-------- SUPPLIED MATERIAL --------
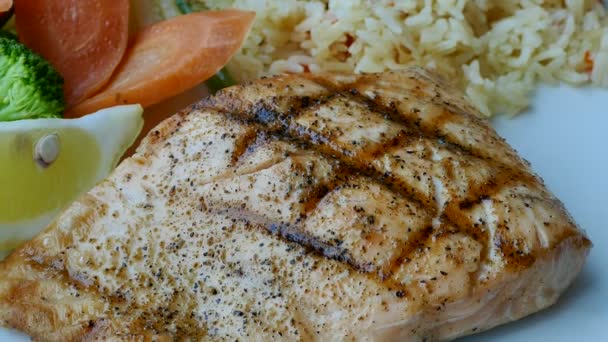 Filete de carne de salmón a la parrilla con salsa — Vídeos de Stock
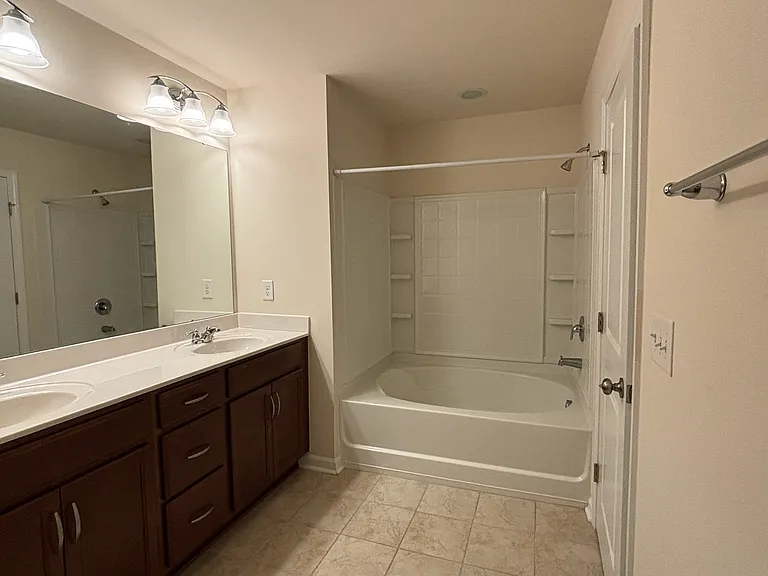 803 New Derby Ln — Photo 13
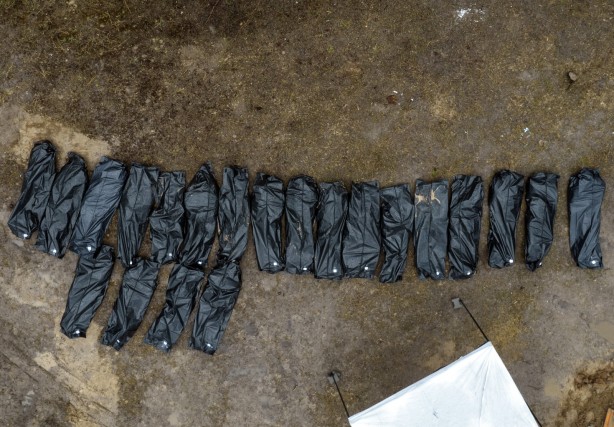 Foto - Kilisenin bahçesinden çıkartıldı! Dehşete düşüren görüntü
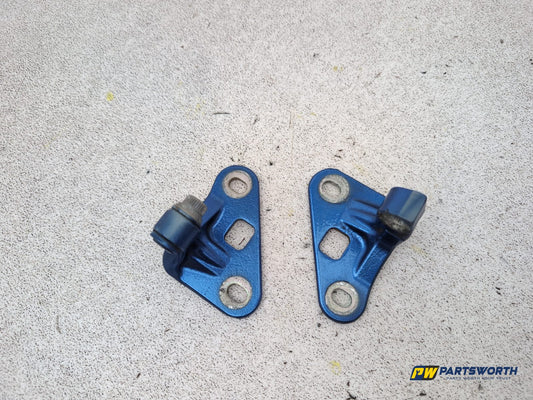 LH Front Door Hinge Pair  4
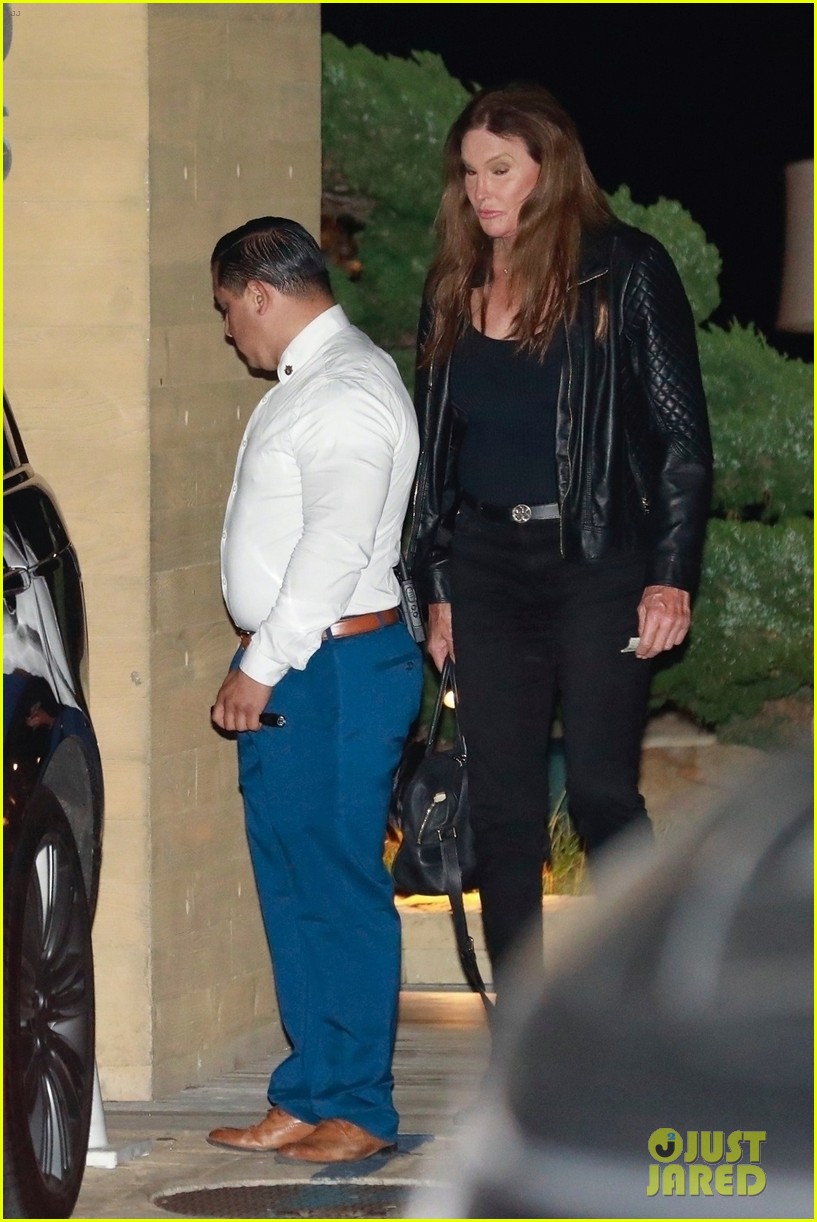 kendall and caitlyn jenner grab dinner at nobu after caitlyns trip to greece 02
--------
> AIM OF THE TASK:
Apart from the images, the entries above must be returned without alteration.

> ANSWER BELOW:
 Filete de carne de salmón a la parrilla con salsa — Vídeos de Stock
 803 New Derby Ln — Photo 13
 Foto - Kilisenin bahçesinden çıkartıldı! Dehşete düşüren görüntü
 LH Front Door Hinge Pair  4
 kendall and caitlyn jenner grab dinner at nobu after caitlyns trip to greece 02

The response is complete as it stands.